Segment Start: Dataset extract

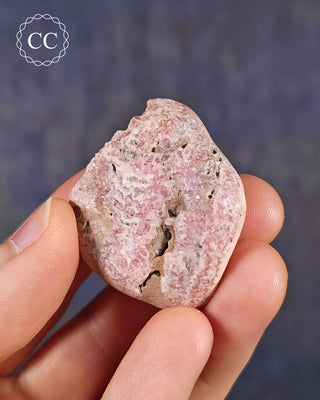 Rhodochrosite Freeform - Argentina #10
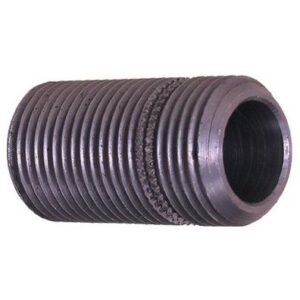 TRANS-DAPT PERFORMANCE PRODUCTS REPLACEMENT OIL FILTER MOUNT NIPPLE- 3/4-16 IN.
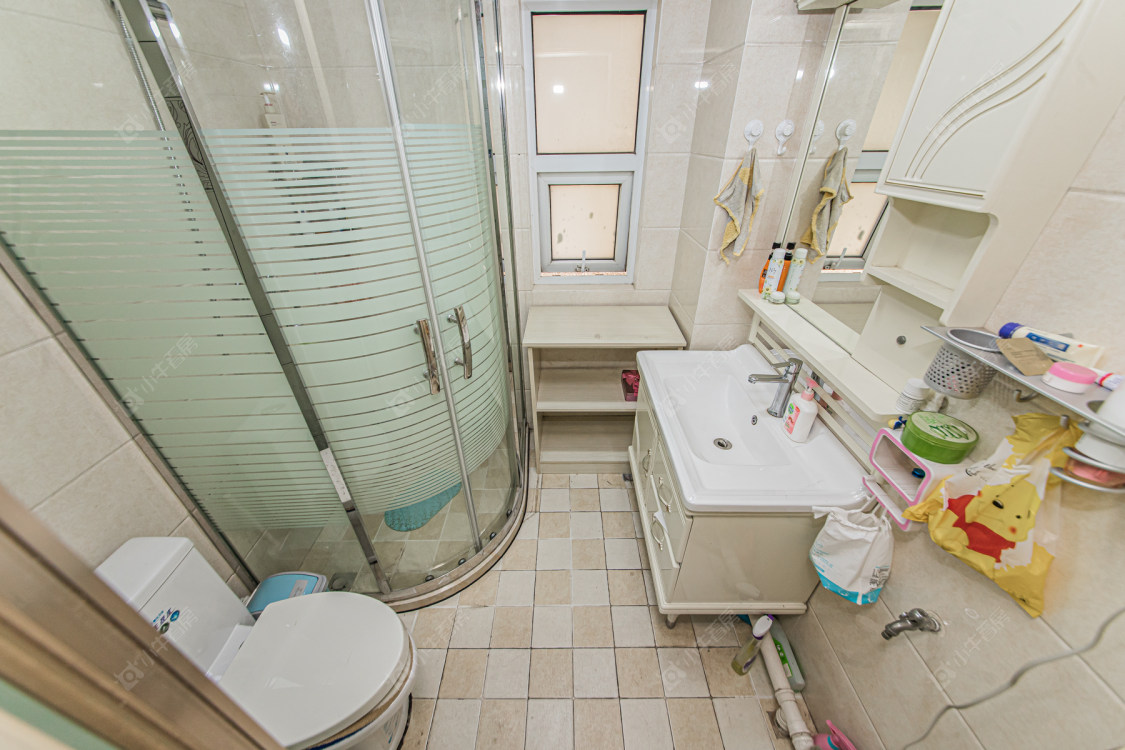 新城春天里房源室内图 常州新城春天里在售二手房源室内图_小牛看房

Segment End: Dataset extract

What this task involves -> Drop the pictures; repeat the listing above exactly.

Solution for this exercise ->
 Rhodochrosite Freeform - Argentina #10
 TRANS-DAPT PERFORMANCE PRODUCTS REPLACEMENT OIL FILTER MOUNT NIPPLE- 3/4-16 IN.
 新城春天里房源室内图 常州新城春天里在售二手房源室内图_小牛看房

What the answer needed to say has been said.